UD English-ESL/TLE is a collection of 5,124 English as a Second Language (ESL) sentences (97,681 words), manually annotated with POS tags and dependency trees in the Universal Dependencies formalism. Each sentence is annotated both in its original and error corrected forms. The annotations follow the standard English UD guidelines, along with a set of supplementary guidelines for ESL. The dataset represents upper-intermediate level adult English learners from 10 native language backgrounds, with over 500 sentences for each native language. The sentences were randomly drawn from the Cambridge Learner Corpus First Certificate in English (FCE) corpus. The treebank is split randomly to a training set of 4,124 sentences, development set of 500 sentences and a test set of 500 sentences. Further information is available at esltreebank.org
Exam questions: dataset/UD_English-ESL/fce-released-dataset/prompts/[folders]/doc[number].xml
Learner answers: dataset/UD_English-ESL/fce-released-dataset/dataset/[folders]/doc[number].xml
Each xml file contains the textual answers for 2 exams written by a English learner. The following are the attribute tags:
- language: native language of the learner
- age: age range of the learner
- score: ??
For each exam:
- question_number
- exam_score
- coded_answer: text content of answer (with tags of FCE error codes)

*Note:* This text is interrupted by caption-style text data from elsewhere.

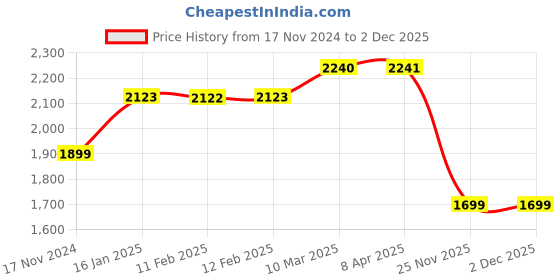industrybuying.com Alcatel T-16 Landline Phone Black alcatel Price History Graph from 17 Nov 2024 to 1 Dec 2025
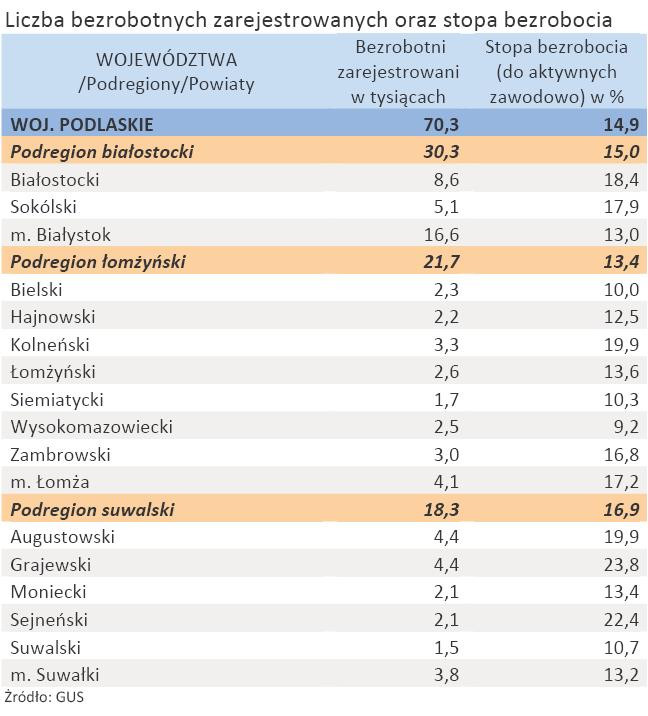 Liczba zarejestrowanych bezrobotnych oraz stopa bezrobocia - woj. PODLASKIE - styczeń 2012 r.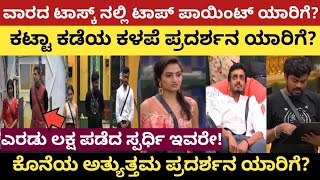 ಬಿಗ್ ಬಾಸ್ ನ ಈ ವಾರದ ಕಳಪೆ ಯಾರಿಗೆ ಗೊತ್ತಾ | Kannada Biggboss latest updates | Biggboss kannada | BBK8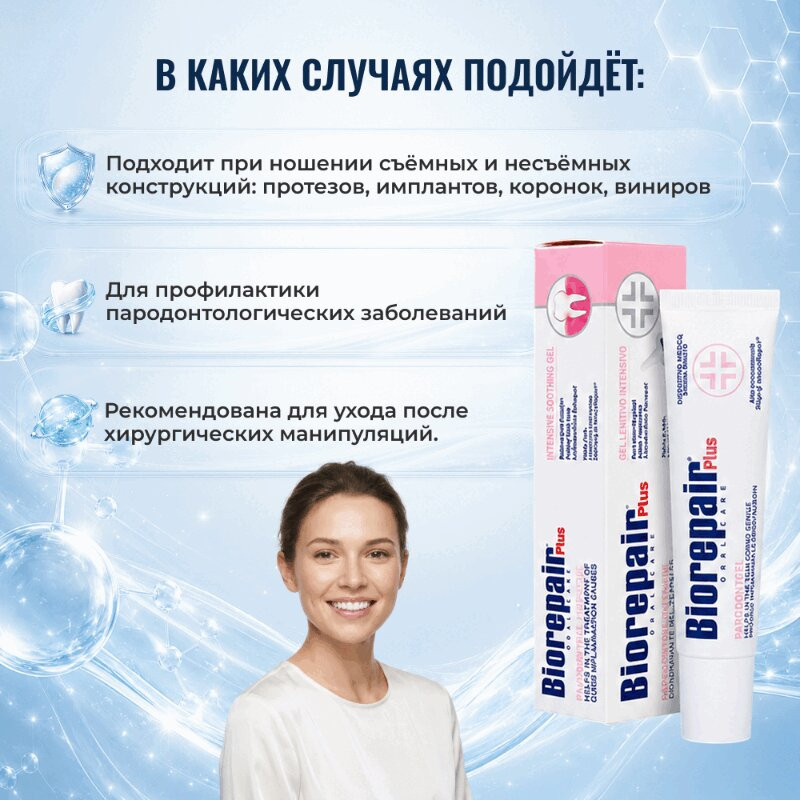 BioRepair Плюс Пародонтгель интенсивный успокаивающий 20 мл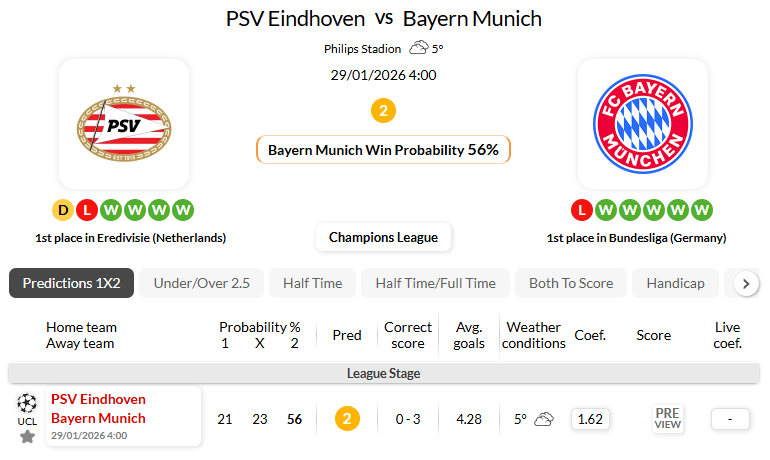 PSV埃因霍温VS拜仁慕尼黑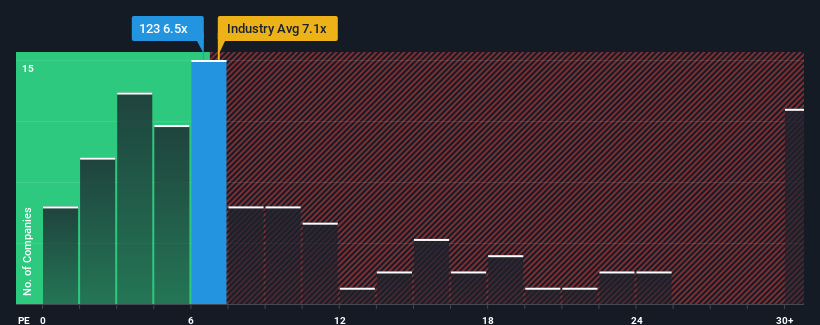 pe-multiple-vs-industry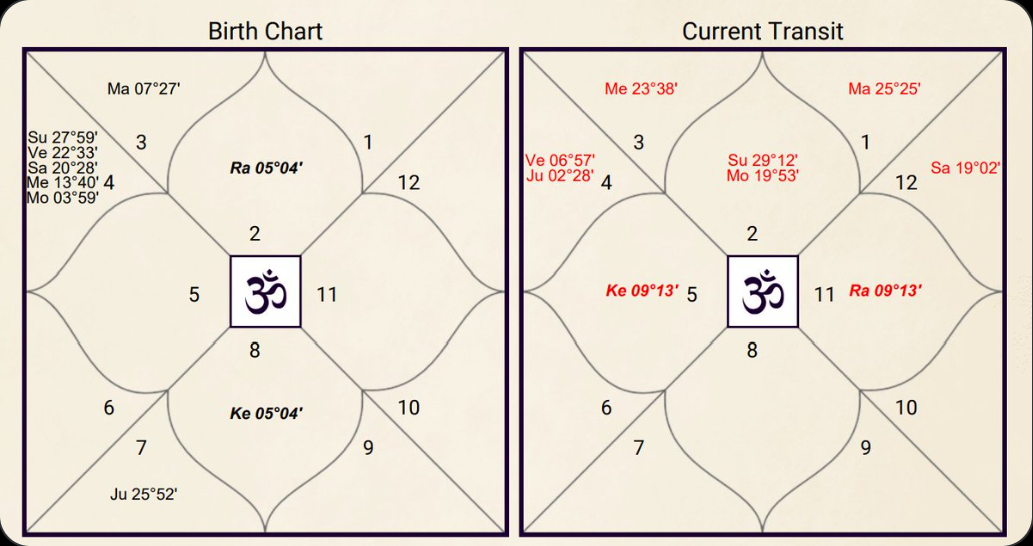 India birth chart and current transit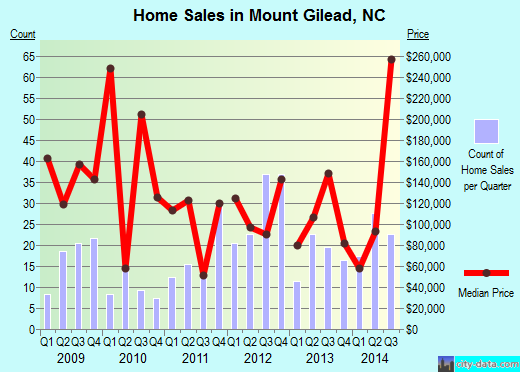 Mount Gilead,NC real estate house value index trend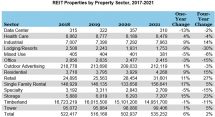 Icon of REIT-Properties-by-Sector-16x9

The details of exams and tags of FCE error codes can be found in dataset/UD_English-ESL/fce-released-dataset/dataset/README
The labeled dataset is built in CoNLL-U format.
Original sentences:
- dataset/UD_English-ESL/data/en_esl-ud-train.conllu
- dataset/UD_English-ESL/data/en_esl-ud-dev.conllu
- dataset/UD_English-ESL/data/en_esl-ud-test.conllu
Corrected sentences:
- dataset/UD_English-ESL/data/corrected/en_cesl-ud-train.conllu
- dataset/UD_English-ESL/data/corrected/en_cesl-ud-dev.conllu
- dataset/UD_English-ESL/data/corrected/en_cesl-ud-test.conllu
The following are the attributes for each word in a sentence:
['id', 'form', 'lemma', 'upostag', 'xpostag', 'feats', 'head', 'deprel', 'deps', 'misc']

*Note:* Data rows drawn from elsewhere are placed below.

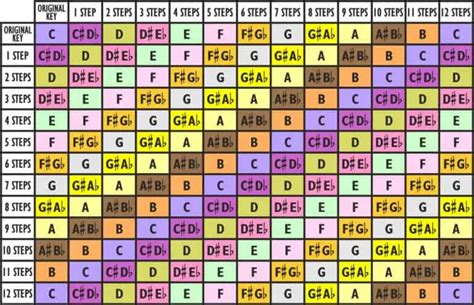 Full Ukulele Capo Guide: DIY, using a Guitar Capo + Pro Tips – Fret Expert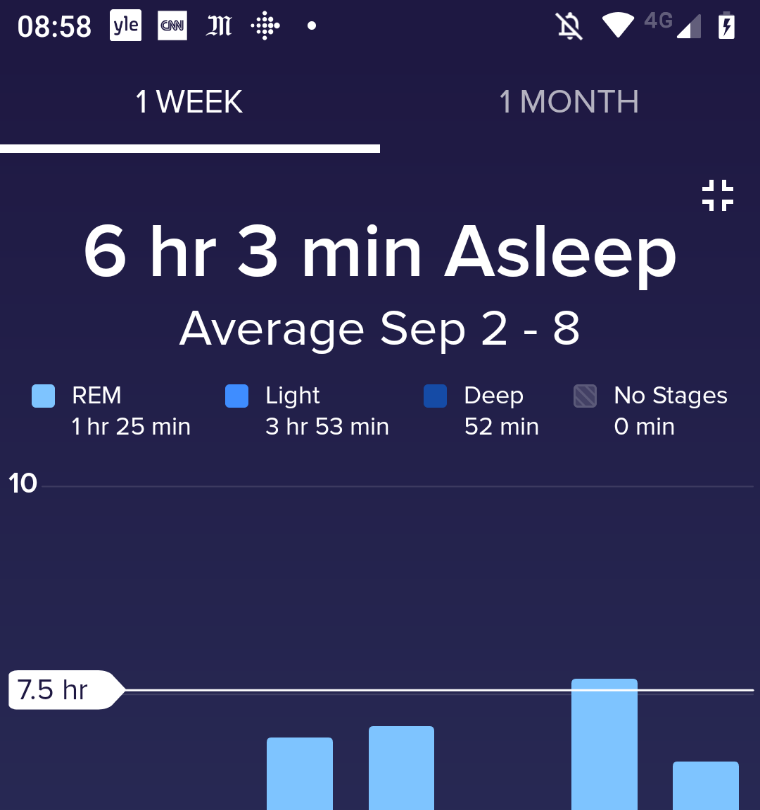 sleep average (1).png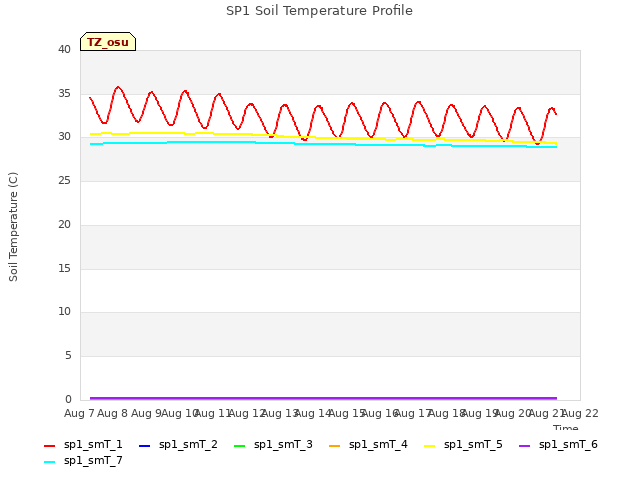 plot of SP1 Soil Temperature Profile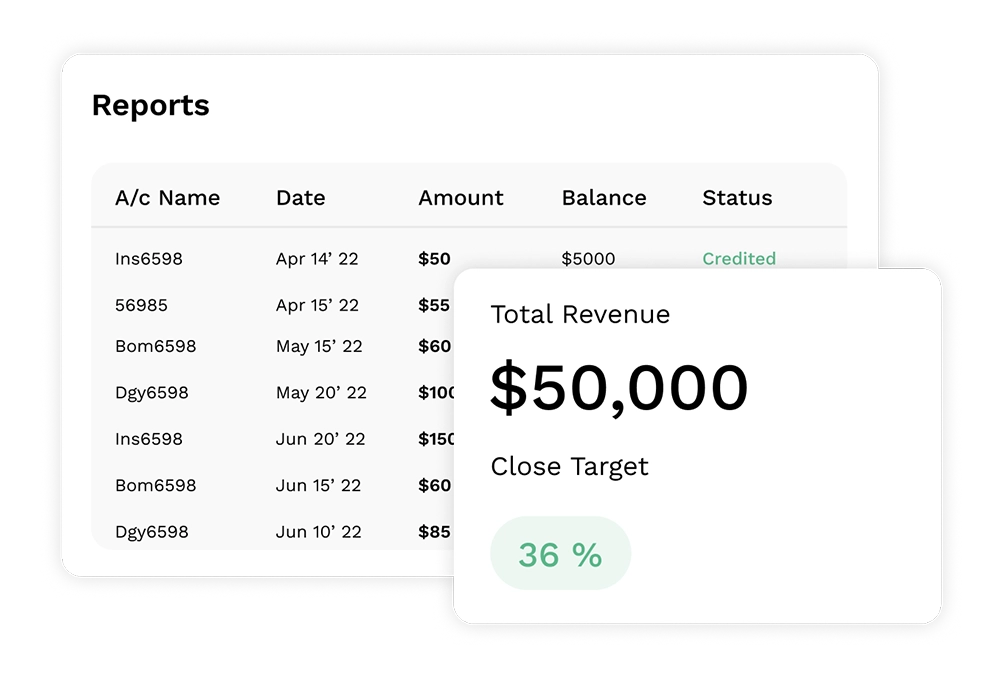 detailed financial reports image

- id: index of word in sentence
- form: word
- lemma:
- upostag: POS tag
- xpostag: POS tag
- feats:
- head:
- deprel:
- deps:
- misc:
("_" means null)
Example of the representation of word:
([('id', 1), ('form', 'I'), ('lemma', '_'), ('upostag', 'PRON'), ('xpostag', 'PRP'), ('feats', None), ('head', 3), ('deprel','nsubj'), ('deps', None), ('misc', None)])
To use the data loader, you need to first install the CoNLL-U Parser built by Emil Stenström.
The following is an example to use data_loader:
import data_loader
meta_list, data_list = data_loader.load_data(load_train=True, load_dev=True, load_test=True)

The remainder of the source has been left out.